During my undergraduate days at RPI, I was a publications knurd. When I moved over to graduate school, I switched over to WRPI and became one of the djs, then a member of the programming committee, and, briefly, its PR officer and member of its board. I’m sure I had some idea of showing everyone How It Should Be Done. Popular, familiar music? Sure, but put it together with some connoisseur music, mix it right, and people will respond.

Ultimately, the joke was on me, when a group that included the WRPI station manager tried to seize control of programming at the station during a pretty hellish week that resulted in every dj who wouldn’t go along with it, including me, getting booted off the air, often in mid-show. The coup attempt was dropped after a week, owing to bad publicity, rumblings from the Student Union Executive Board, the inability of the coup meisters to find enough people to keep the station actually functioning, and the two to three hundred letters a day the station was getting from listeners saying “How Dare You?”

They did get a certain amount of revenge a few months later, targeting someone who was perceived as being a “ringleader” of the resistance to the format changes. That someone would be me, actually, but that’s a story for another time.

3 comments:

Anonymous said...

Hi!

We must have just missed connecting at WRPI - I joined in the wake of the Format Five Fiasco, and was active for the rest of the '70s.

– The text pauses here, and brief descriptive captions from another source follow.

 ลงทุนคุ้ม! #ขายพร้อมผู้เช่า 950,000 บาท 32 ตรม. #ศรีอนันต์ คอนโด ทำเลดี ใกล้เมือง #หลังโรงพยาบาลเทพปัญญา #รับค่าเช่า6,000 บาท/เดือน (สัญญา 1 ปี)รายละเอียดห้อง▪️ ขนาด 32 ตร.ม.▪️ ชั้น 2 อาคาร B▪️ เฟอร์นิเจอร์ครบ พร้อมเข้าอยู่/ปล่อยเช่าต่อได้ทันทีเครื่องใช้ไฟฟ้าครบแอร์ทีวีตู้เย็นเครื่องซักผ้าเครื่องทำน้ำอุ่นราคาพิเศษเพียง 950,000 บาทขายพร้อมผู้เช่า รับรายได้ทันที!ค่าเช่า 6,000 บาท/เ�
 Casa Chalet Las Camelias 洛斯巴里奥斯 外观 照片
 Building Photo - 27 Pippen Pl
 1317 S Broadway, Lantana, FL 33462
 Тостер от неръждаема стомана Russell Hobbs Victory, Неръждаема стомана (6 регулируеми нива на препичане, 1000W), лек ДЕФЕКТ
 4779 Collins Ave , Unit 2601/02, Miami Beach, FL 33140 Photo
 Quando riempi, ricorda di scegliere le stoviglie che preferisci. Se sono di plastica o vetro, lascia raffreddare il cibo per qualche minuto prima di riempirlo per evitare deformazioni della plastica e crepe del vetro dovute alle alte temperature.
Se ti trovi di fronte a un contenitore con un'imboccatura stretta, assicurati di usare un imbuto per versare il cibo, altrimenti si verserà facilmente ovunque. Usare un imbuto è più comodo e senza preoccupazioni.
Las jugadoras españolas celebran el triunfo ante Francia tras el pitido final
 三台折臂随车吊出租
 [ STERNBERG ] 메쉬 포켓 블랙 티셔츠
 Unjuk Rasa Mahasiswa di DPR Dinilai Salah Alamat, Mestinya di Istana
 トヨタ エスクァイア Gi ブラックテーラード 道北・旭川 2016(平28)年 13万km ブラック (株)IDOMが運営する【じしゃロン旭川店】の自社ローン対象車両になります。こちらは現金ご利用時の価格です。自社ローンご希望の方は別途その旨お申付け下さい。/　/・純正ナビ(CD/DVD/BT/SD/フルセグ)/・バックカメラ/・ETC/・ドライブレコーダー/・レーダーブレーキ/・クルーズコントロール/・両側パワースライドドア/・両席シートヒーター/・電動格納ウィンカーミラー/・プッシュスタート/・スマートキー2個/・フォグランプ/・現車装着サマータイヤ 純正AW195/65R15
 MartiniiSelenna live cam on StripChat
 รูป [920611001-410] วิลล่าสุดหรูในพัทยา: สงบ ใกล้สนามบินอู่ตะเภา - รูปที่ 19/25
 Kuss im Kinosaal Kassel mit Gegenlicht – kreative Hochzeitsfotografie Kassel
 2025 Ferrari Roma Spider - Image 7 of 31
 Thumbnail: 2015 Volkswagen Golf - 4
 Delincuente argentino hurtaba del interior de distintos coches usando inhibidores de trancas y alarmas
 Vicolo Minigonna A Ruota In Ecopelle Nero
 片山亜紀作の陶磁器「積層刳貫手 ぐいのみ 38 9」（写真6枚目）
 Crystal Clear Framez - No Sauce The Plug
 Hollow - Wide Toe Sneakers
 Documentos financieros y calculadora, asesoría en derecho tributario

(More stories of the Old Days, please....)

James Killus said...

I have a few other WRPI related things over in the newsgroup associated with my web page on sff.net. I'm slowly moving many of the newsgroup essays over here, so there will be some more WRPI tales here as time goes on.

Anonymous said...

As a middle-schooler in Schenectady - across the Hudson from RPI - I would struggle to stay awake (after arduous gymnastics workouts) for the 10PM airing of The Fourth Tower of Inverness episodes. Later, discovering kindred fans proved almost as elusive as the tower itself but, anyone who listened was deeply impressed by how skilled a drama that show actually was.